**Assignment:**
These records contain pictures, which must be left out; copy exactly the lines from the one with "NIKE ナイキ 新品同様" up to and including the one with "Eduard CX555 1:72 Grumman F-14D Tomcat".

**Task inputs:**

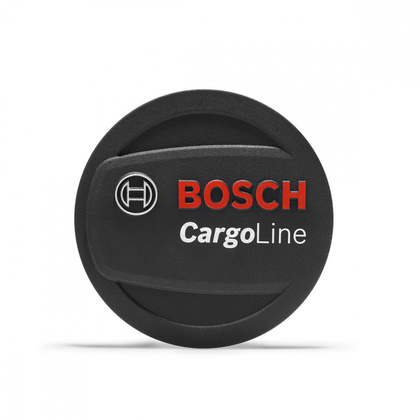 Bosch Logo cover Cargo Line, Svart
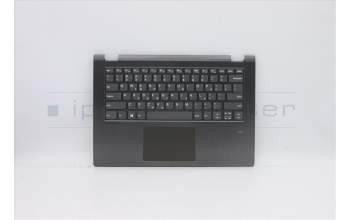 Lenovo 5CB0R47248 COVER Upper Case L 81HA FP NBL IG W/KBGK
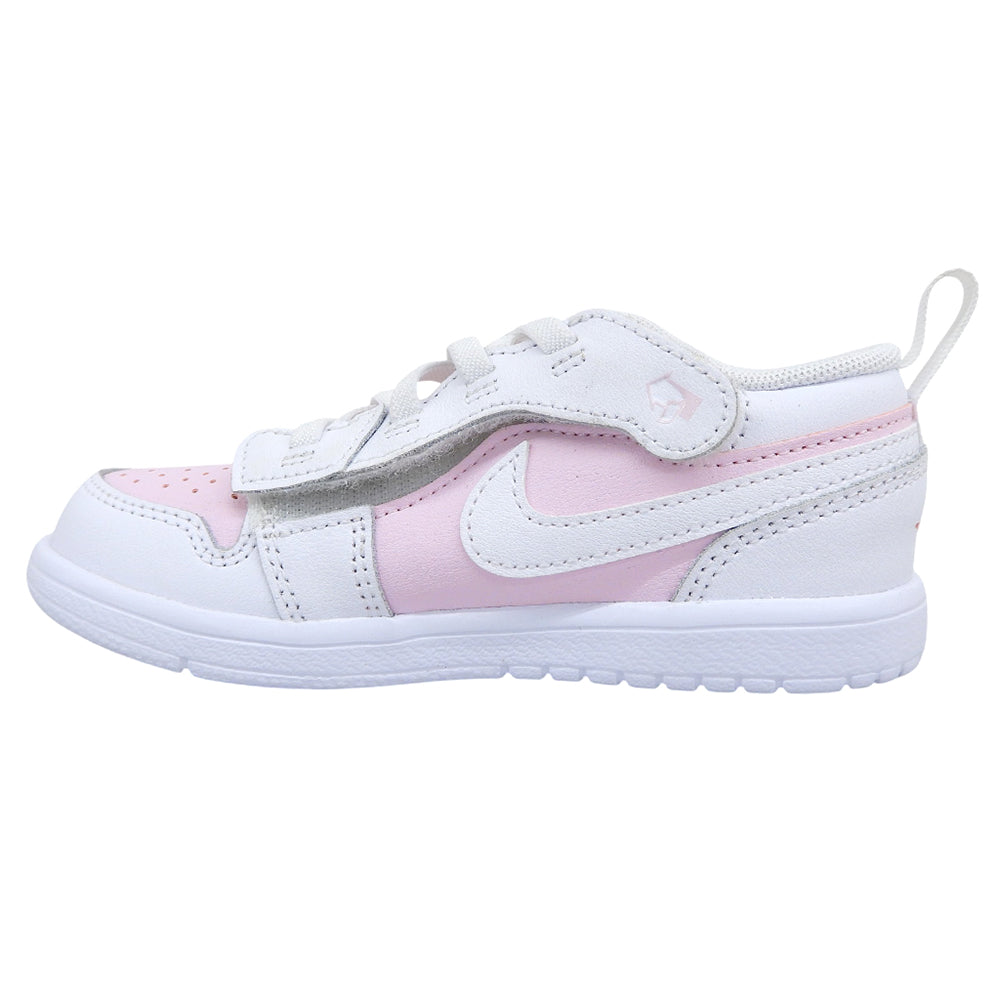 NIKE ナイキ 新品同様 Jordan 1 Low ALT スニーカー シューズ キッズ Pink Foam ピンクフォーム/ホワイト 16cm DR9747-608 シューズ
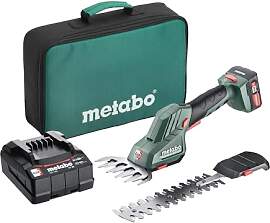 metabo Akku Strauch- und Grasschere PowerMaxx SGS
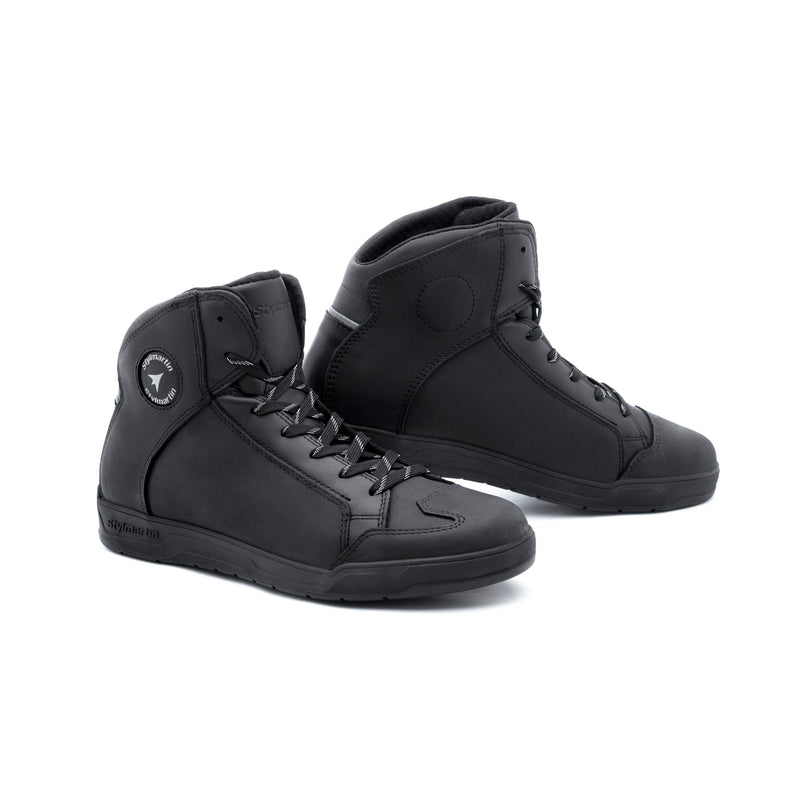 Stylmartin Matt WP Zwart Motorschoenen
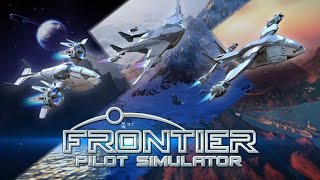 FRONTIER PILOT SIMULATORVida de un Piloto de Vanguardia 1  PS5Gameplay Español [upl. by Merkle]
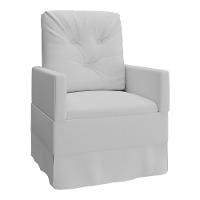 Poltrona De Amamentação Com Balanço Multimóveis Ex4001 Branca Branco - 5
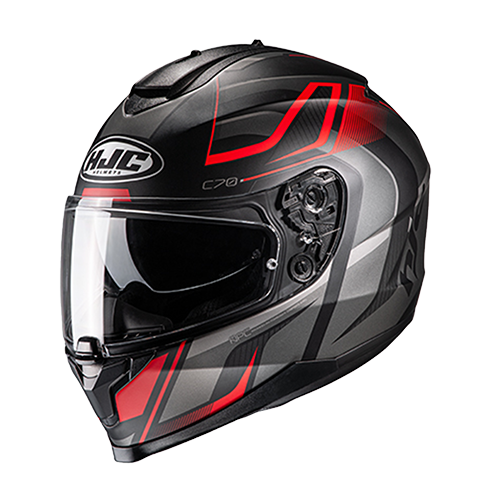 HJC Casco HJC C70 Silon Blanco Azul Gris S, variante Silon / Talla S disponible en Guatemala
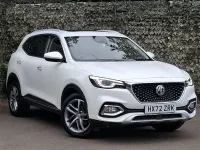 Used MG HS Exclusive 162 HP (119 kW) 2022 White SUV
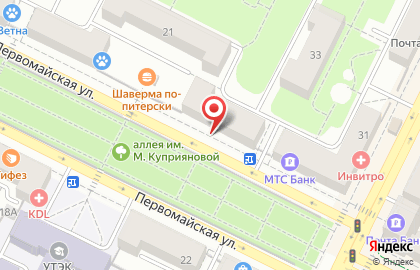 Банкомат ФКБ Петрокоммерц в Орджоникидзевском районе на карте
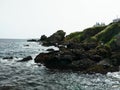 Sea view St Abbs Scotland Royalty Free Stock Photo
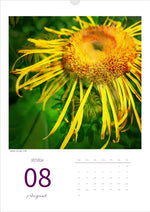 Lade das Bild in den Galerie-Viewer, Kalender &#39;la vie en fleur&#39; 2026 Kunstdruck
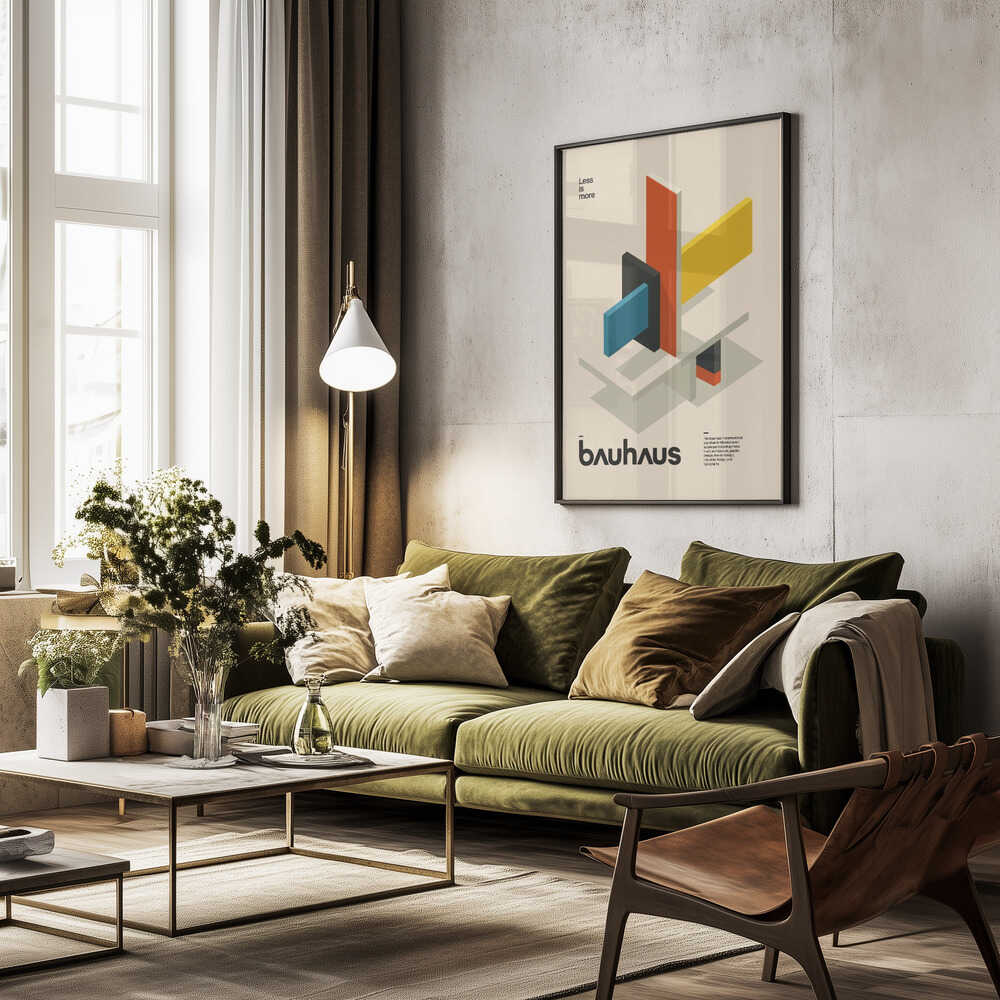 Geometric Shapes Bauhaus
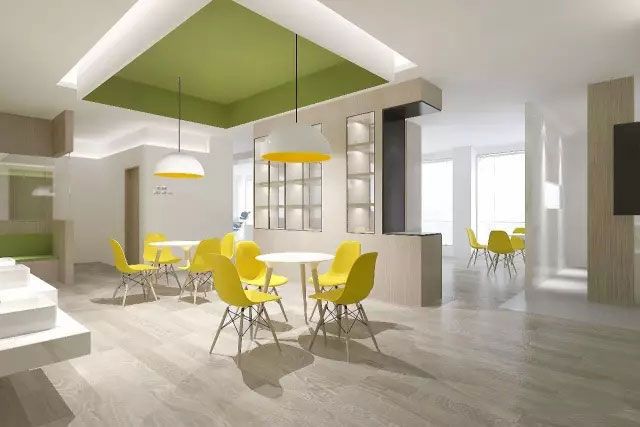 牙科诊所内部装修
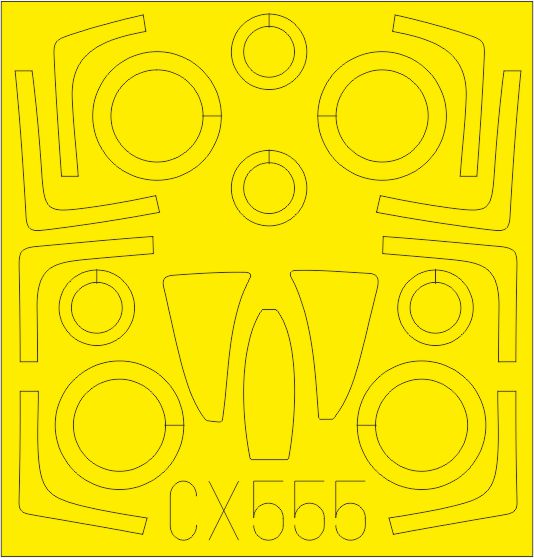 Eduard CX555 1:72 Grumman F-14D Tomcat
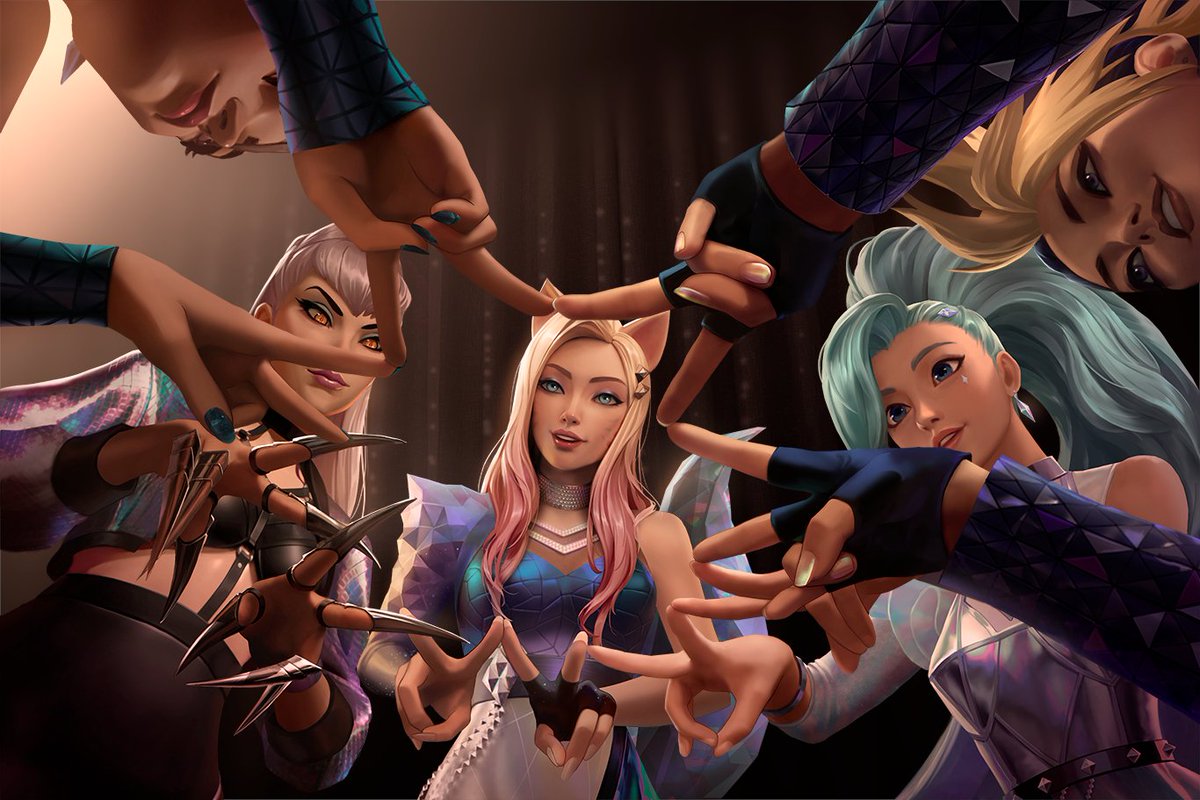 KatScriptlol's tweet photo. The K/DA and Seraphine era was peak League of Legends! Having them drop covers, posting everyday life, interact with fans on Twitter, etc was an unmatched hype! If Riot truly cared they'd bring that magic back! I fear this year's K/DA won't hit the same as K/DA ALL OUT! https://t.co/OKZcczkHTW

**Output of the task:**
 NIKE ナイキ 新品同様 Jordan 1 Low ALT スニーカー シューズ キッズ Pink Foam ピンクフォーム/ホワイト 16cm DR9747-608 シューズ
 metabo Akku Strauch- und Grasschere PowerMaxx SGS
 Stylmartin Matt WP Zwart Motorschoenen
 FRONTIER PILOT SIMULATORVida de un Piloto de Vanguardia 1  PS5Gameplay Español [upl. by Merkle]
 Poltrona De Amamentação Com Balanço Multimóveis Ex4001 Branca Branco - 5
 HJC Casco HJC C70 Silon Blanco Azul Gris S, variante Silon / Talla S disponible en Guatemala
 Used MG HS Exclusive 162 HP (119 kW) 2022 White SUV
 Банкомат ФКБ Петрокоммерц в Орджоникидзевском районе на карте
 Sea view St Abbs Scotland Royalty Free Stock Photo
 Lade das Bild in den Galerie-Viewer, Kalender &#39;la vie en fleur&#39; 2026 Kunstdruck
 Geometric Shapes Bauhaus
 牙科诊所内部装修
 Eduard CX555 1:72 Grumman F-14D Tomcat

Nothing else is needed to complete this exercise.